Contoh lainnya adalah kata ‘mine’ dalam bahasa Inggris. Ini adalah kata sederhana yang dapat berarti ‘punyaku’ atau ‘tambang’. Jika semua kata ‘mine’ diartikan ‘tambang’ di seluruh kasus kalimat tanpa memperhatikan konteksnya, maka akan sama kacaunya dengan contoh bahasa Indonesia tadi. Coba perhatikan kalimat ini: “Yes, that pencil is mine” jadi berarti “Ya pensil itu adalah tambang”, padahal seharusnya artinya “Ya pensil itu punyaku”. Juga coba kalimat ini: “She is an old friend of mine” yang seharusnya berarti “Dia adalah teman lamaku” jadi berarti “Dia adalah teman lama dari tambang”.
Jadi, sebuah arti kata dapat diketahui melalui konteksnya. Satu arti tidak bisa berlaku untuk seluruh kalimat.
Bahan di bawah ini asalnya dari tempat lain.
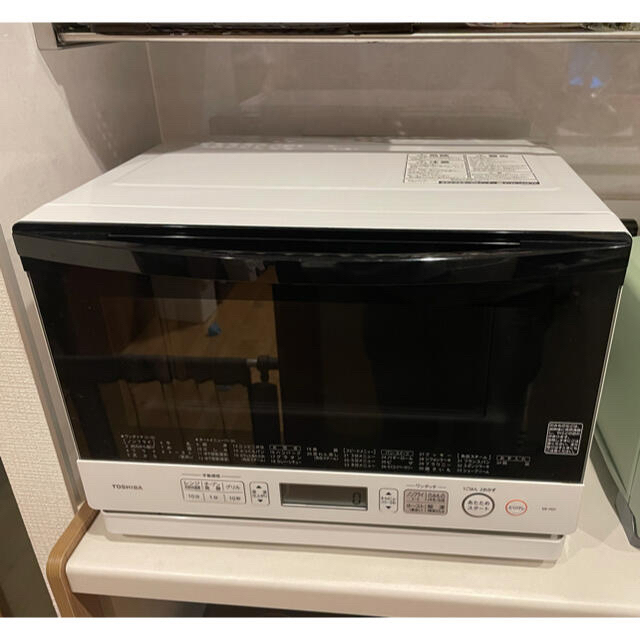 値下げ　東芝 オーブンレンジ ER-PD7(W)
Prinsip ini juga berlaku dalam memahami الدِّيْنُ.
الدِّيْنُ dapat berarti kekuasaan, ketundukan, undang-undang atau pembalasan. Selain الدِّيْنُ sendiri tidak berarti negara (telah dijelaskan sebelumnya), الدِّيْنُ yang berarti kekuasaan juga tidak bisa diterapkan di seluruh kalimat pada ayat-ayat al Qur’an. Contohnya berikut ini:
[10:105] “Hadapkanlah wajahmu kepada diin dengan tulus dan ikhlas dan jangan sekali-kali engkau termasuk orang yang musyrik.”
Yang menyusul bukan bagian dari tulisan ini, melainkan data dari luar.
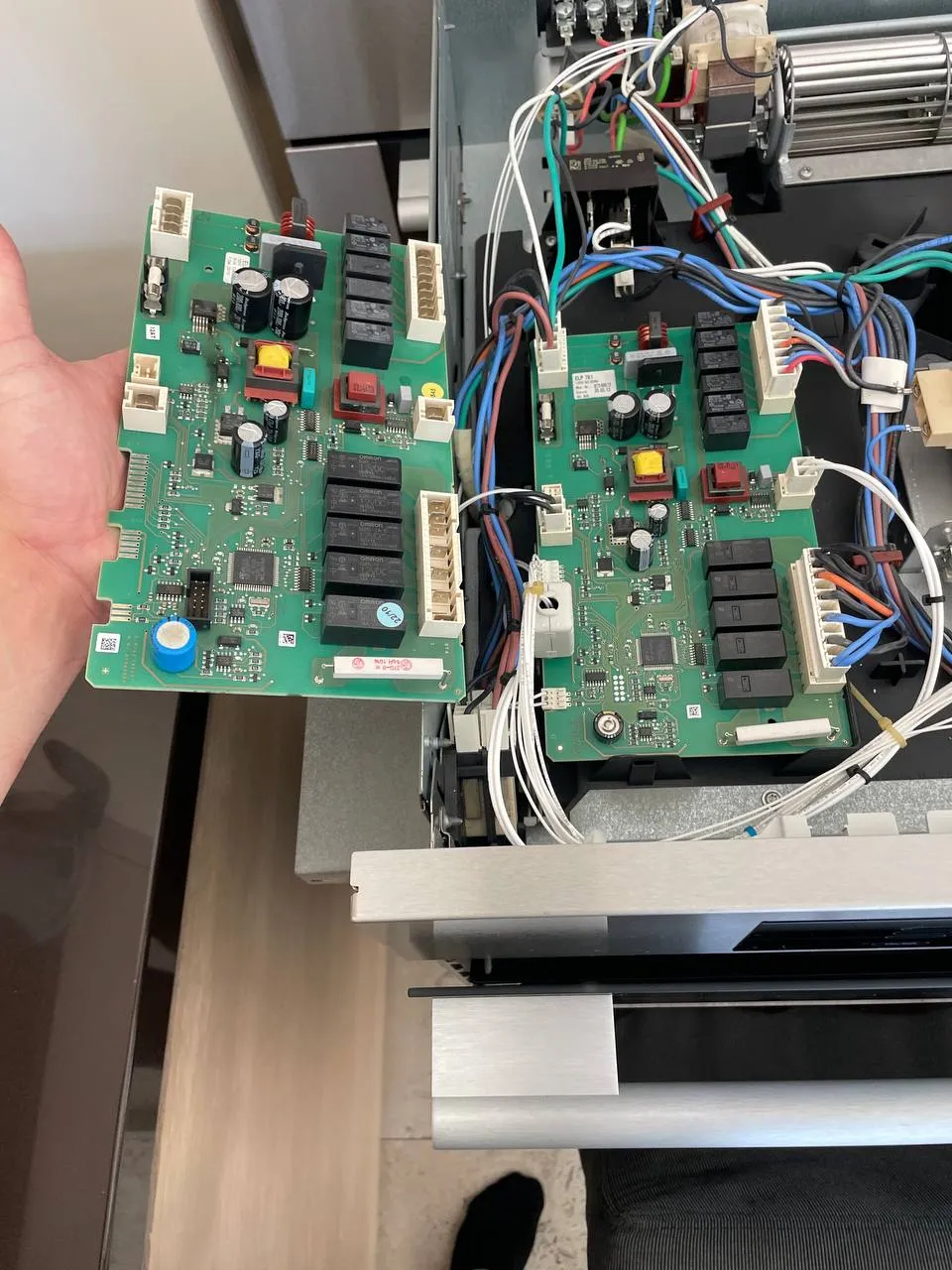 Dryer control board service in Los Angeles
Jika ayat di atas diartikan “hadapkanlah wajahmu kepada kekuasaan/negara dengan tulus dan ikhlas”. Bagaimana mungkin Allah memerintahkan kita menghadapkan wajah kepada negara?
[2:132] “Allah telah memilih diin ini untukmu, maka janganlah kamu mati kecuali dalam keadaan Muslim”
Jika ayat di atas diartikan “Allah telah memilih negara ini untukmu”, negara yang manakah yang Allah maksudkan? Apakah saat Nabi Muhammad mendapatkan wahyu, Allah memberikan negara kepada Nabi Muhammad?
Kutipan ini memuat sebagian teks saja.